§ REQUIREMENT:
Begin with the line below holding "Sticker Schmetterlinge |" and go on through the line holding "Vintage Green Glass", duplicating each line exactly and leaving out pictures.

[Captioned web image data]
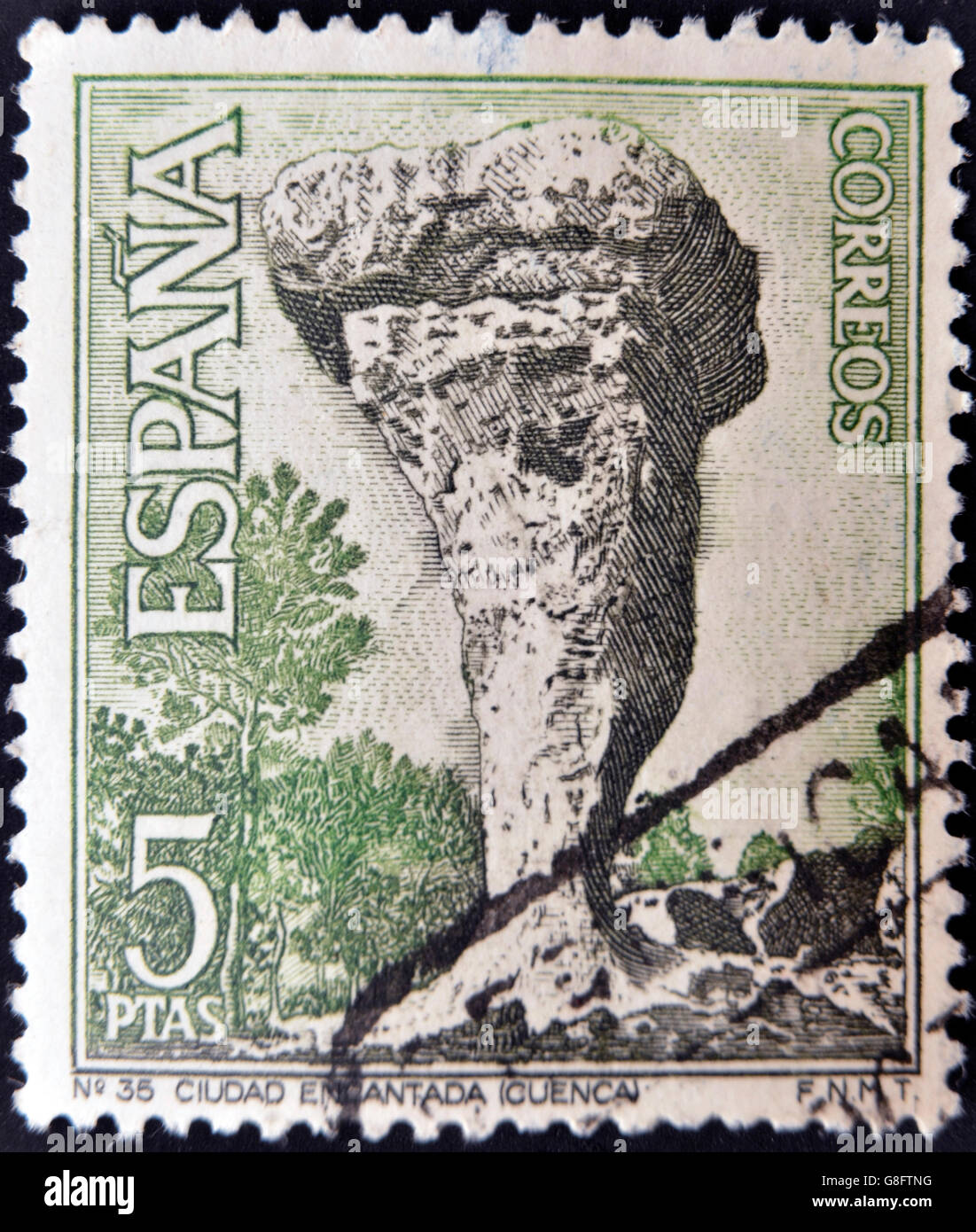 SPAIN - CIRCA 1967: A stamp printed in Spain shows La Ciudad Encantada, Cuenca, circa 1967 Stock Photo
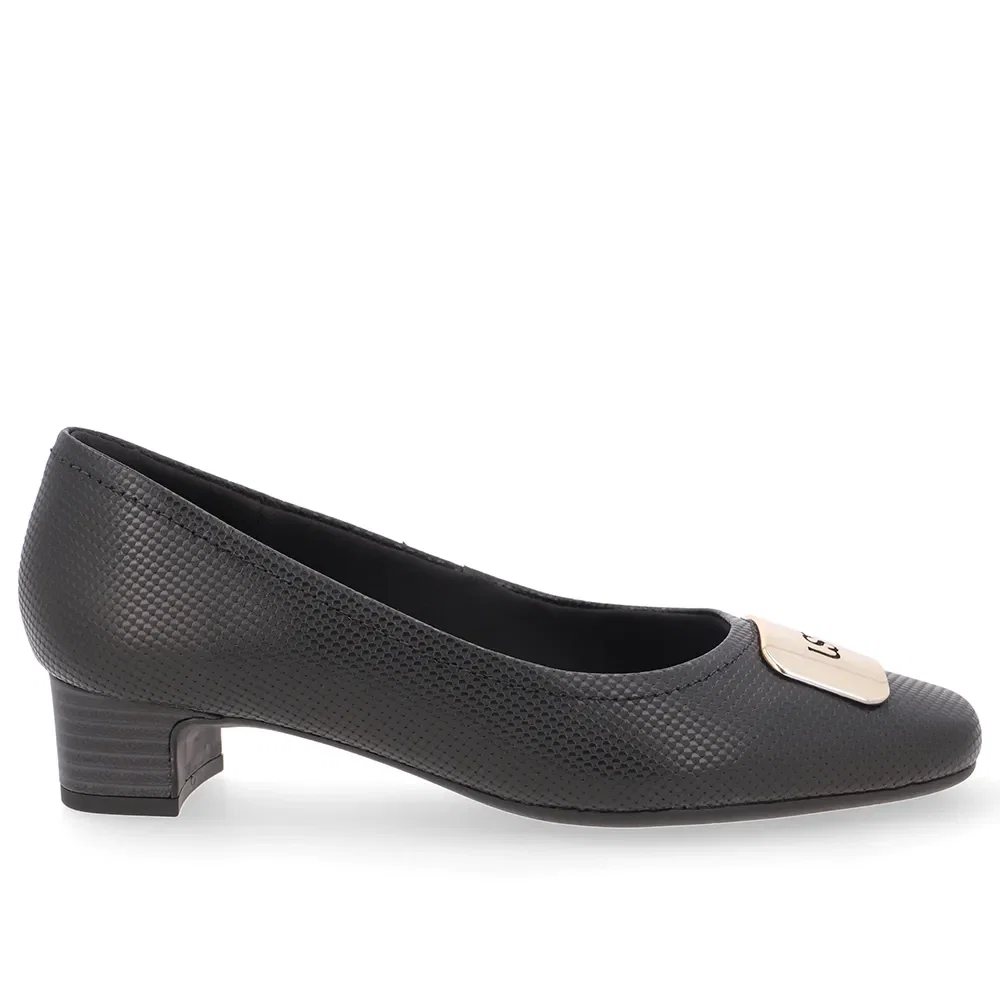 Scarpin Couro Preto Bico Quadrado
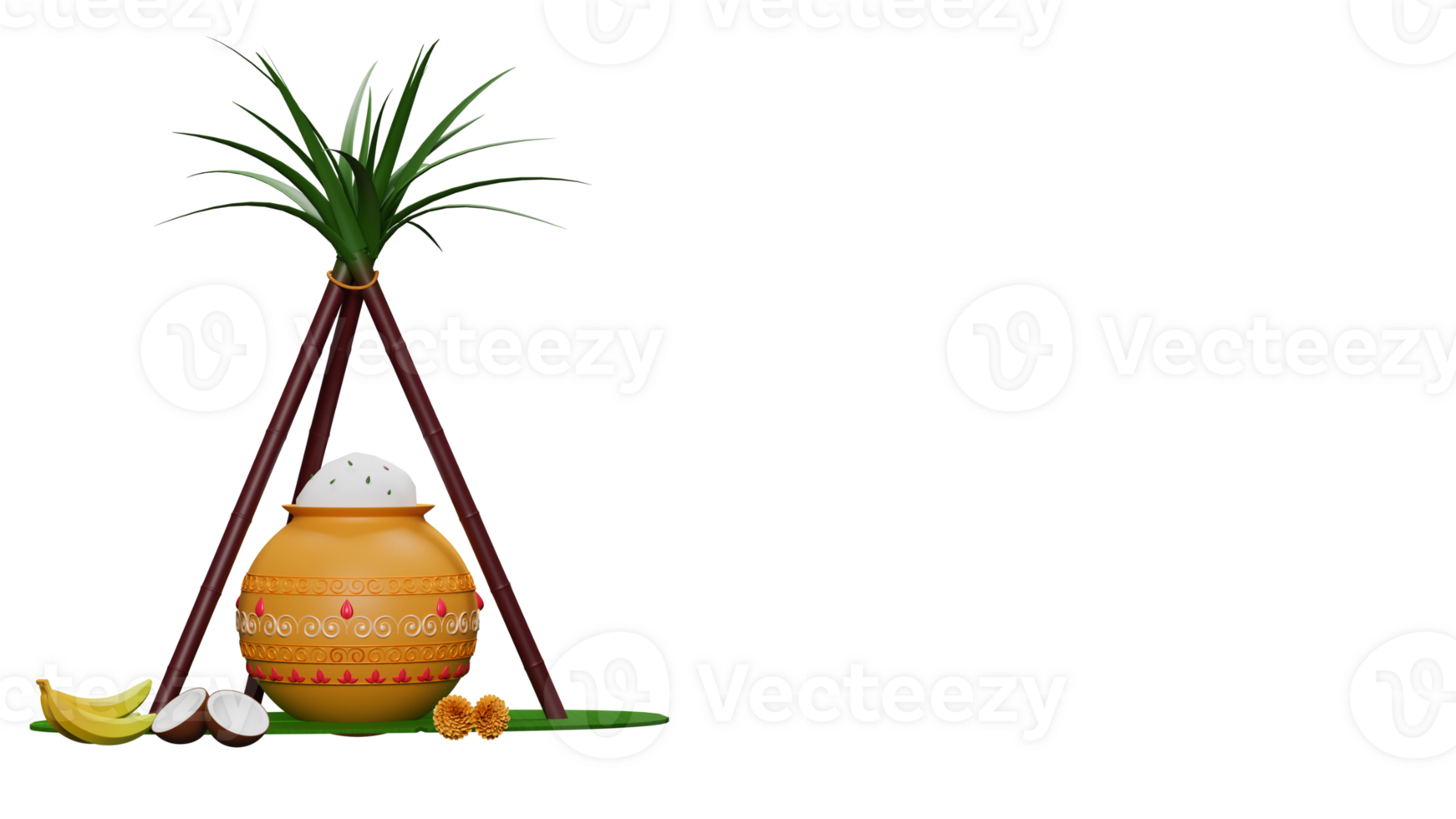 3D Render Of Pongal Festival Elements As Traditional Dish In Clay Pot, Sugarcanes, Fruit. png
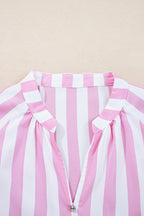 Rose Stripe Bracelet Sleeve Buttons Loose Mini Dress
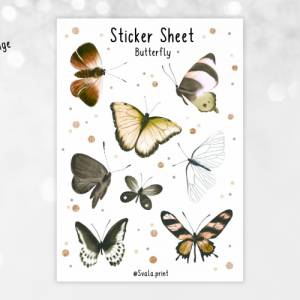 Sticker Schmetterlinge | Aufkleber Bulletjournal | Journal Sticker | Watercolor Bild 3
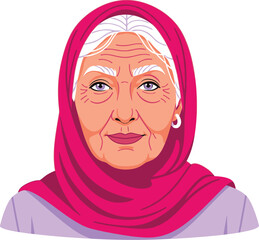 Illustration of an elderly woman with a pink headscarf and gray hair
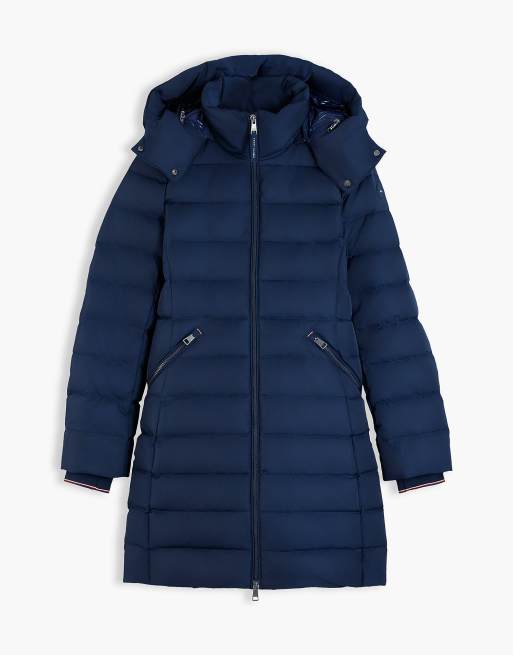 Tommy Hilfiger manteau slim à capuche bleu foncé, 5 de 6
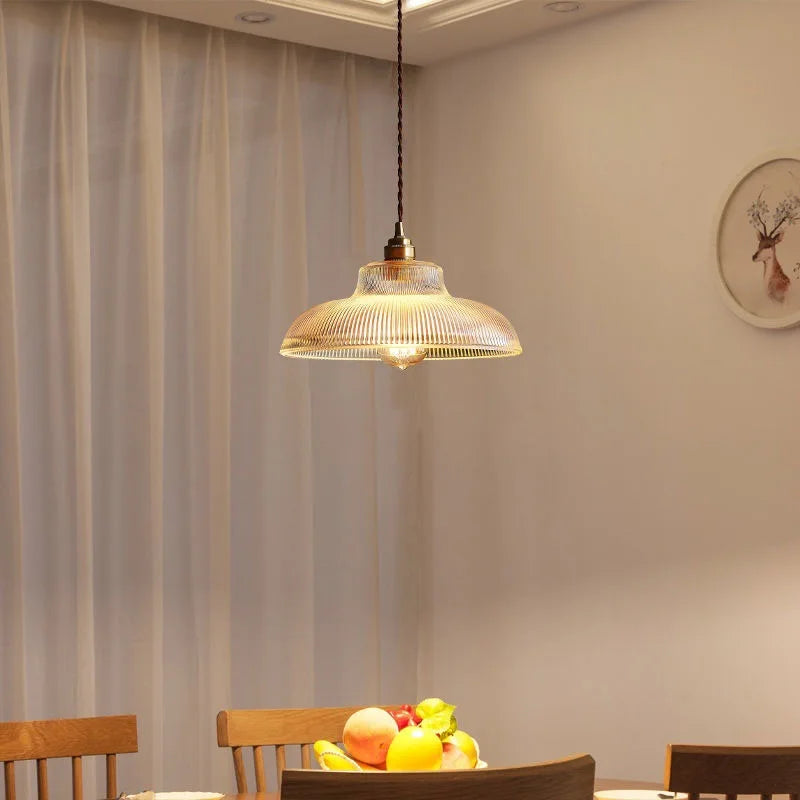Vintage Green Glass Dimmable Pendant Light (LED Bulb Included)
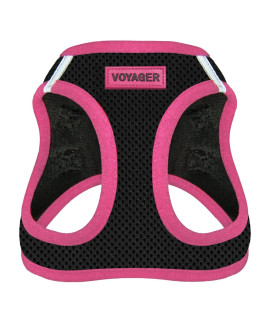 Voyager Step-in Air Dog Harness - All Weather Mesh Step in Vest Harness for Small and Medium Dogs by Best Pet Supplies - Pink Trim, M
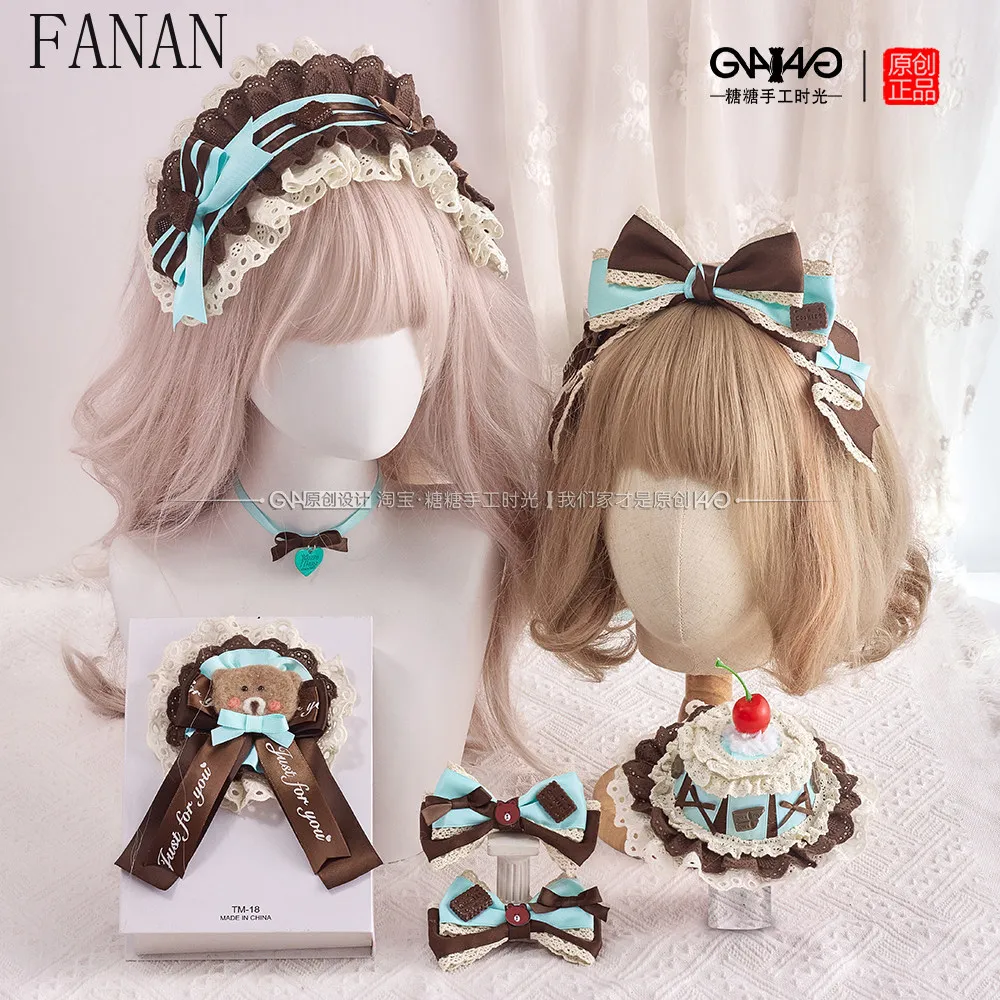 

New Headwear Original Handmade Lolita Accessory Girls New Headwear Cake Small Hat Headband Lolita Hair Accessories Pair Clip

§ ANSWER BOX:
 Sticker Schmetterlinge | Aufkleber Bulletjournal | Journal Sticker | Watercolor Bild 3
 Illustration of an elderly woman with a pink headscarf and gray hair
 Tommy Hilfiger manteau slim à capuche bleu foncé, 5 de 6
Vintage Green Glass Dimmable Pendant Light (LED Bulb Included)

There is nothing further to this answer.